CNN—Steve George & Manveena Suri / As China concerns grow, India looks to build military presence in Seychelles
- India and the Seychelles have signed a revised agreement granting India permission to construct a military base on the Seychelles’ Assumption Island.
- India’s attempts to better secure its access to the region mirrors a similar strategy deployed by its neighbor and long-standing rival China.
- Gurpreet Khurana, executive director of India’s National Maritime Foundation: “India has a primary area in the northern Indian Ocean and the secondary is the Indo-Pacific region. We (India) have interests that we have to preserve.
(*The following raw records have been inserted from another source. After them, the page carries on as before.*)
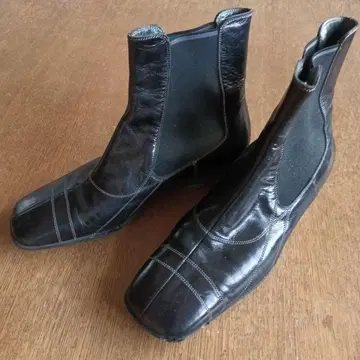 이탈리아제 사이드 고어 부츠 블랙 가죽 스퀘어토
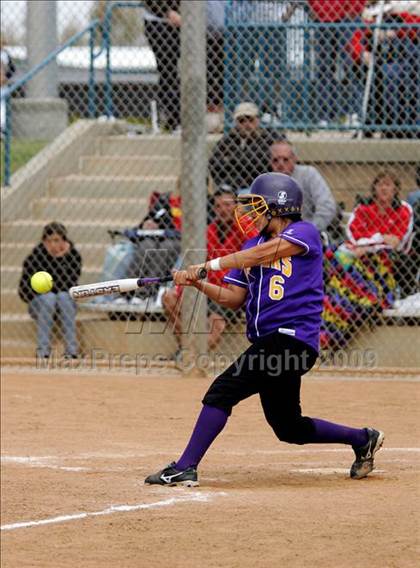 Thumbnail 3 in Corona vs. Norwalk photogallery.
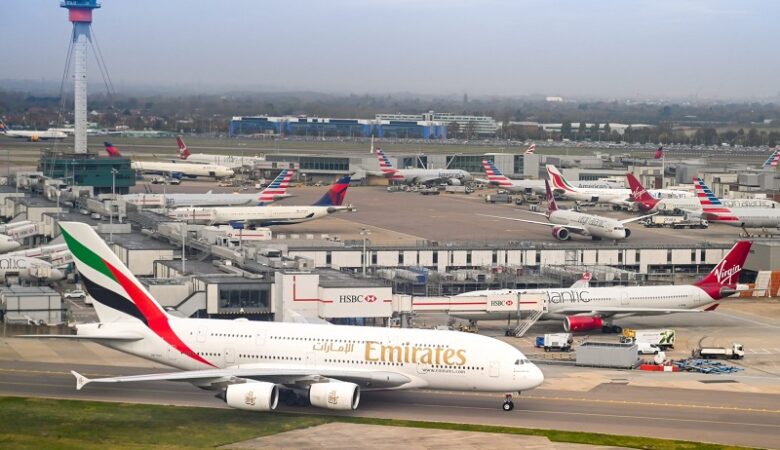 Βρετανία: Περίπου 116 εκατ. ευρώ το κόστος για τις αεροπορικές εταιρείες μετά το χάος στα αεροδρόμια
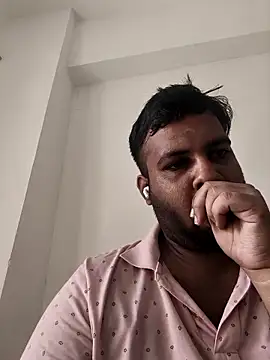vinay_smalldick Adlı Modelin Web Kamerası Şovu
With the Chinese going into the Indian Ocean in a big way, our strategic interests are expanding as well, and this is the only way India will be able to preserve itself.”
- Arun Prakash, retired four-star admiral and former Indian naval chief: “(What India is building in the Seychelles) is a facility, not a military base. It has not been our policy to set up military bases on foreign soil … We were a colony for centuries, and after we became free, we do not want to do the same to another country. Setting up military bases is another form of colonialism.”
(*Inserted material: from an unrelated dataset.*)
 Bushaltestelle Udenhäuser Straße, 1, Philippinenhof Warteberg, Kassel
The New York Times—Steven Erlanger / U.S. Revives Concerns About European Defense Plans, Rattling NATO Allies
- At the Munich Security Conference, American officials raised new questions and doubts about the EU’s Permanent Structured Cooperation on Security and Defense (PESCO).
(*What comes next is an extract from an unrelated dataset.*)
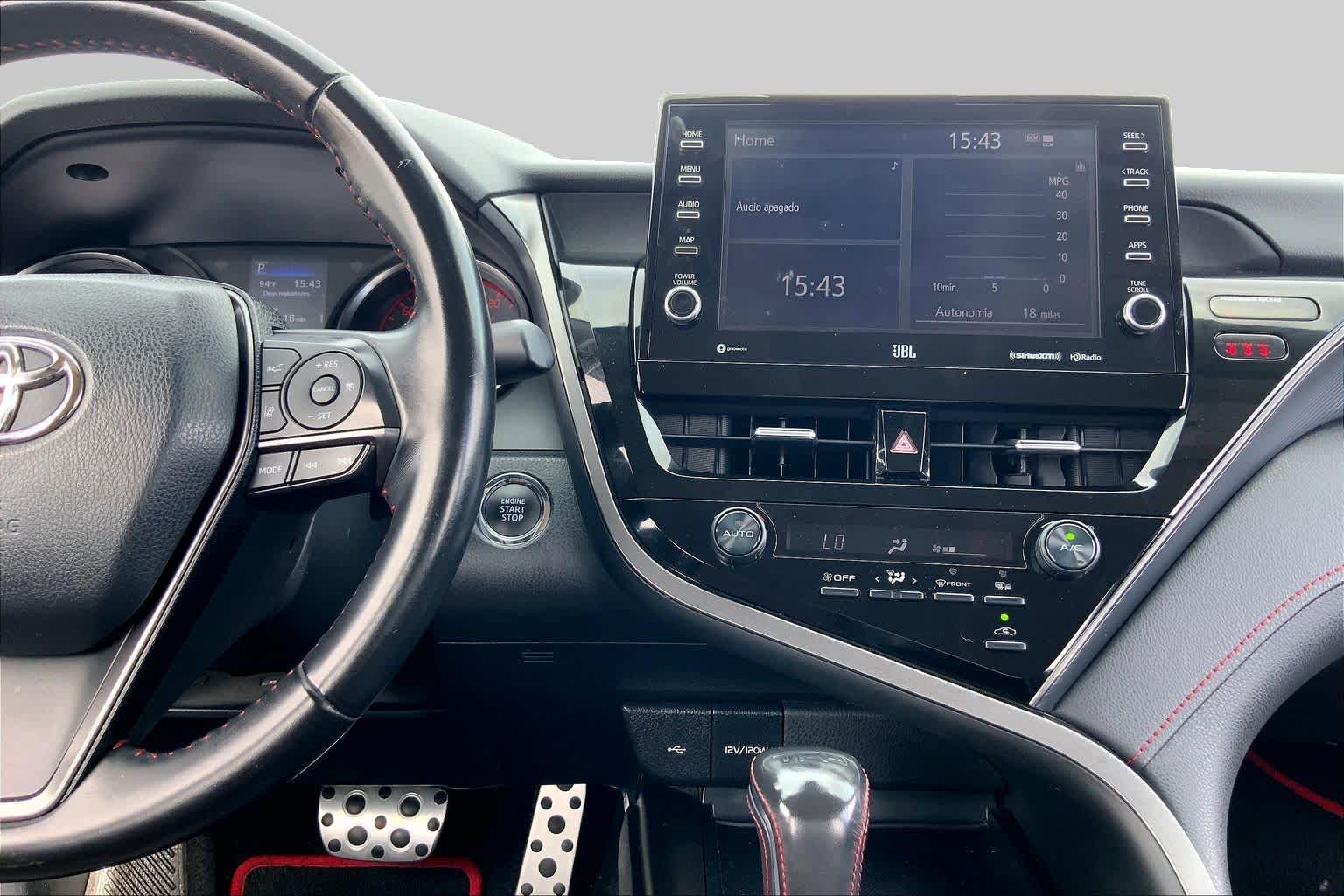 2021 Toyota Camry photo 7 of 36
- American officials expressed concerns that PESCO could weaken NATO and cut out United States military manufacturers from bidding on certain European projects.
- “It’s important for Europeans to state again and again that this is not competition for NATO or an alternative to NATO,” said Jens Stoltenberg, Secretary General of NATO. “The E.U. cannot defend Europe by itself.”
- Daniel Flott, a defense expert with the European Union Institute for Security Studies, said that he was “surprised to hear the return to the language of duplication, which we thought we had put behind us.”
- R. Nicholas Burns, a former American ambassador to NATO now at Harvard, said, “It is a mistake for the U.S. to make this an issue.”
International Energy Agency / IEA marks historic day in global energy governance with first member country in Latin America
- Mexico officially became the International Energy Agency’s 30th member country on 17 February 2018, and its first member in Latin America.
- Mexico’s accession is a cornerstone of the IEA’s on-going modernization strategy, including “opening the doors” of the IEA to engage more deeply with emerging economies.
- Mexico is the world’s 15th-largest economy and 12th-largest oil producer, and has some of the world’s best renewable energy resources.
- The IEA Family of 30 Member countries and seven Association countries now accounts for more than 70% of global energy consumption, up from less than 40% in 2015.